第163章興起4
華燈初上的夜幕下,
來自安南都護府的使者曲榮,也在仔細打量這沿途義軍控製下的點點滴滴市容和人物風貌的細節。
安南都護府兼靜海軍節度使,管領交州等十二州(今越南北部),但實際上自高駢離任之後,相應節度使兼領都護就一直空懸虛位;所以一直到現在才梳理清楚了內部權力架構,而以目前一位職級最高的都護府右長史寧思翀,權署幕務的名義,派人前來交涉名義上從屬的條件事宜。
作為使者的曲榮乃是當地土生世家大族的出身,在舉士不第之後才因為家族推舉和捐納的緣故,被征辟為安南都護府的一名參軍,直到最近才因為職事的需要,突擊提攜成為所謂的“(都護、節度)兩院孔目官”;這番被迫前來變相的輸款,對他這樣心向朝廷的士子而言,無疑是一件相當屈辱的事情;但是對他和他背後家族來說,卻是一旦處理不慎就是滅頂之災的要緊勾當。
畢竟,別看這些草賊正當得勢,但是一旦覆亡之後讓朝廷反攻倒算回來,他和他背後的家族就會是都護府和節衙,事後拋出來平息物議和追責之論,首當其衝的替罪羊。
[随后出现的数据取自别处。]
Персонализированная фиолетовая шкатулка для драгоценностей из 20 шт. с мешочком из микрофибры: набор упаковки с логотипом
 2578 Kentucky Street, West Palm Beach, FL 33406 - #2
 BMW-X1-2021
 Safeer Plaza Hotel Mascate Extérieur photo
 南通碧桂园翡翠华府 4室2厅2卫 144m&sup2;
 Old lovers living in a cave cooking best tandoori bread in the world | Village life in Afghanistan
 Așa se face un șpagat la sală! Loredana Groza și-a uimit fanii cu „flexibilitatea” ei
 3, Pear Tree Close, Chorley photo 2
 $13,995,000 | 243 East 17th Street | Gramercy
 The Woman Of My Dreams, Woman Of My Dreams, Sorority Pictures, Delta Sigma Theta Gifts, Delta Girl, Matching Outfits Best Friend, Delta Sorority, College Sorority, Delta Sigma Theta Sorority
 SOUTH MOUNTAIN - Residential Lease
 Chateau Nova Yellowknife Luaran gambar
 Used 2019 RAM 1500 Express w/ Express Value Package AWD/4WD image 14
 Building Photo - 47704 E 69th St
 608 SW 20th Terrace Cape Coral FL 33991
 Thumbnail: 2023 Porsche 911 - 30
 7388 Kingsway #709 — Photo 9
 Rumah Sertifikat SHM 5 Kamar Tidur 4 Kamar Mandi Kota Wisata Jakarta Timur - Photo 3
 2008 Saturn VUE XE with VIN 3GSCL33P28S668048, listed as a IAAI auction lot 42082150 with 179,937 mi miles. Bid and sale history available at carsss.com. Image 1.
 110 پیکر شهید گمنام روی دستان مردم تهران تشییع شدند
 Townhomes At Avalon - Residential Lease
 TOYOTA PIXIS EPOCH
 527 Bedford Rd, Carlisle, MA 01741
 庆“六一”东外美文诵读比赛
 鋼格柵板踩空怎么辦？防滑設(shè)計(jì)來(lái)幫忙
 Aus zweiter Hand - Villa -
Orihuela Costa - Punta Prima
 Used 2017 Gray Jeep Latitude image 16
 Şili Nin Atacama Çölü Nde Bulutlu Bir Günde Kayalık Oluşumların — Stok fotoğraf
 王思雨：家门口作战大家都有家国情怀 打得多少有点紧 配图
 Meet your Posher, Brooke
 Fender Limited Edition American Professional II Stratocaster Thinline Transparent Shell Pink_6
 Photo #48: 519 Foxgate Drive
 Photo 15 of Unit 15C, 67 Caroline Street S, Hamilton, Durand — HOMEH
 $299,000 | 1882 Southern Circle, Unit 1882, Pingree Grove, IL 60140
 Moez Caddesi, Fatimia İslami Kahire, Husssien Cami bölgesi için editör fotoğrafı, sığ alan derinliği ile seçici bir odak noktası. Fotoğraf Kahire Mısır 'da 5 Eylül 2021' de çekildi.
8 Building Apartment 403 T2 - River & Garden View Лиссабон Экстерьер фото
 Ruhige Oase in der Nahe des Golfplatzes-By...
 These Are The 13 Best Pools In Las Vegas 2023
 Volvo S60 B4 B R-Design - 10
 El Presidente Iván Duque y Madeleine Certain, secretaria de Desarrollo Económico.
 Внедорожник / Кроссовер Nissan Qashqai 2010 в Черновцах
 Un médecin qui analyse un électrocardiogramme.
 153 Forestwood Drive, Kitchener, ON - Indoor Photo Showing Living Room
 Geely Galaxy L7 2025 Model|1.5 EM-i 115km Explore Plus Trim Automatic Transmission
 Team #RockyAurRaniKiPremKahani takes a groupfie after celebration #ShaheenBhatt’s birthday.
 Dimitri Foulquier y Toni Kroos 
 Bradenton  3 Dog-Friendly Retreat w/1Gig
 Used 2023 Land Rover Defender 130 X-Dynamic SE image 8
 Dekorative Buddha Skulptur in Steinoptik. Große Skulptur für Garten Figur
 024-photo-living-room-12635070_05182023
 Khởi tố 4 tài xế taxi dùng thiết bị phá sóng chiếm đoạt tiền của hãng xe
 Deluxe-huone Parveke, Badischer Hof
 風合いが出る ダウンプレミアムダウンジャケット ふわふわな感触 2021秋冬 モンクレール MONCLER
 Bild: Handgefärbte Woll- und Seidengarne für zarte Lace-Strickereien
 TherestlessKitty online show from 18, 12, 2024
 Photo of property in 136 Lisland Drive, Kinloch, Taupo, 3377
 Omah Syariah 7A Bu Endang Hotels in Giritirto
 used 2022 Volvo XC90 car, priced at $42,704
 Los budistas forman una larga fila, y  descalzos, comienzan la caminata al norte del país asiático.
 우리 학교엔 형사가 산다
但是他的家族更無法抗拒已經迫在眉睫的壓力和危機。
雖然大唐朝廷義軍和多年爭戰的南詔達成和議亦有數載,但是更早之前西南蠻肆虐的慘痛遭遇,卻是隨著四下屠戮的刀兵依舊銘刻在當地廣大的士民百姓心中,而時時刻刻不敢相忘的;
所以,這一次被截斷了來自嶺東的輸供和嶺外的各地輪戍士卒之後,偌大的安南都護府十二州軍民,也就成了某種意義上進取和自保都有所不足的無根之木。而不得不要對這些竊據廣府之地的草賊進行妥協和輸款,以換取進行通商回易所需的基本條件,乃至謀取到借地流轉出入相應物資渠道的相應可能性。